A Leap Forward on Cross-Border Payments (IMF Blog)
Progress to improve cross-border payments has been slow, but is just about to take off. That is how history evolves – one small step at a time, until it suddenly leaps forward. The confluence of new technologies and renewed determination among policymakers are making significant improvements possible. Reforms have the potential to be transformative by making cross-border payments cheaper, faster, more transparent, and more widely accessible. The stakes are high. Changes to cross-border payments have a bearing on the stability of the international monetary system, on financial inclusion, and on the efficiency of trade and financial markets. And reforms may unlock innovation and much needed growth, particularly following the COVID-19 crisis.
Laying the Foundations for a Resilient Recovery (World Bank)

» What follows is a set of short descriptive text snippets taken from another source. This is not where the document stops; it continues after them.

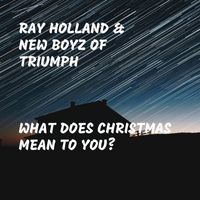 Ray Holland & New Boyz of Triumph - What Does Christmas Mean to You?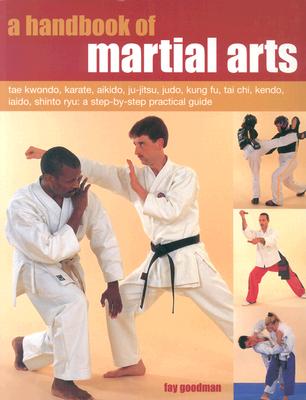 A Handbook of Martial Arts Goodman, Fay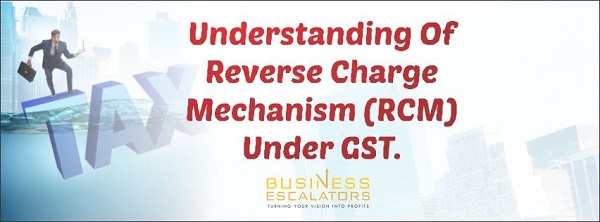 Understanding of Reverse charge Mechanism (RCM) under GST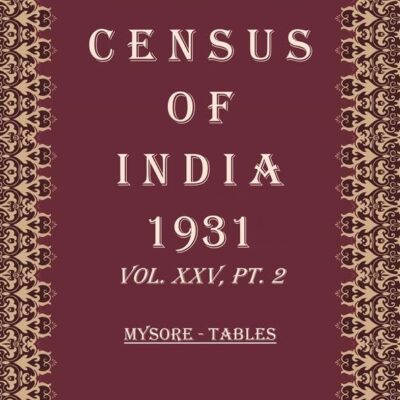 Census of India 1931: Ajmer-Merwara - Report And Tables Volume Book 45 Vol. XXVI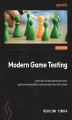 Okładka książki: Modern Game Testing. Learn how to test games like a pro, optimize testing effort, and skyrocket your QA career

The COVID-19 pandemic continues to devastate countries, overwhelming health systems, disrupting productivity, threatening food security, multiplying job losses, and reducing incomes, particularly for the poorest. It has led to the largest global economic contraction in eight decades, affecting all economies and causing investments, trade, and remittance flows to plummet. The global crisis is threatening the lives and livelihoods of the most vulnerable by increasing poverty, exacerbating inequalities, and damaging long-term economic growth prospects. It requires a comprehensive, robust global response from the development community. These were key messages from the Development Committee.
Oxfam: Rich countries are not delivering on $100bn climate finance promise (Climate Home News)

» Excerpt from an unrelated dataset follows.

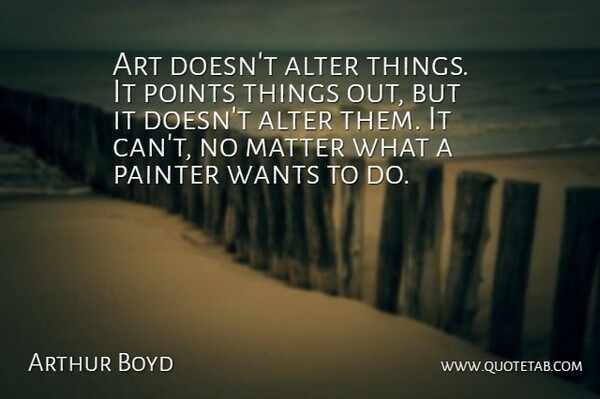 Arthur Boyd Quote About Art, Want, Matter: Art Doesnt Alter Things It...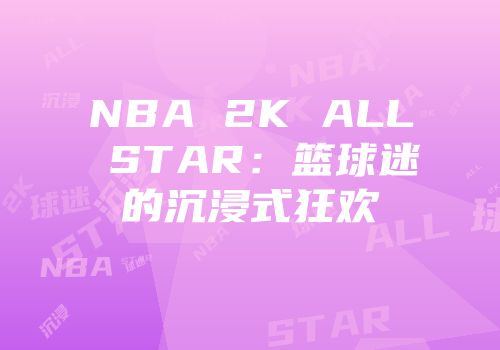 NBA 2K ALL STAR：篮球迷的沉浸式狂欢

Wealthy nations are giving less money to poorer ones for climate projects than their official statistics make out, according to analysis by Oxfam. In a report published on Tuesday, the anti-poverty charity found that nearly 80% of climate finance to developing countries took the form of loans, rather than grants. Poor nations were expected to pay richer countries back, often for investment in projects with weak climate credentials. “The excessive use of loans and the provision of non-concessional finance in the name of climate assistance is an overlooked scandal,” the report said.
At the first‑ever global summit dedicated to biodiversity held virtually on 30 September, various leaders said the COVID-19 pandemic is an opportunity for countries to put bold and ambitious environmental action at the heart of their post‑coronavirus economic recovery strategies. One of the tools at countries’ disposal is BioTrade – the collection, production, transformation and commercialization of goods and services derived from biodiversity under BioTrade Principles and Criteria, a set of guidelines that emphasize environmental, social and economic sustainability.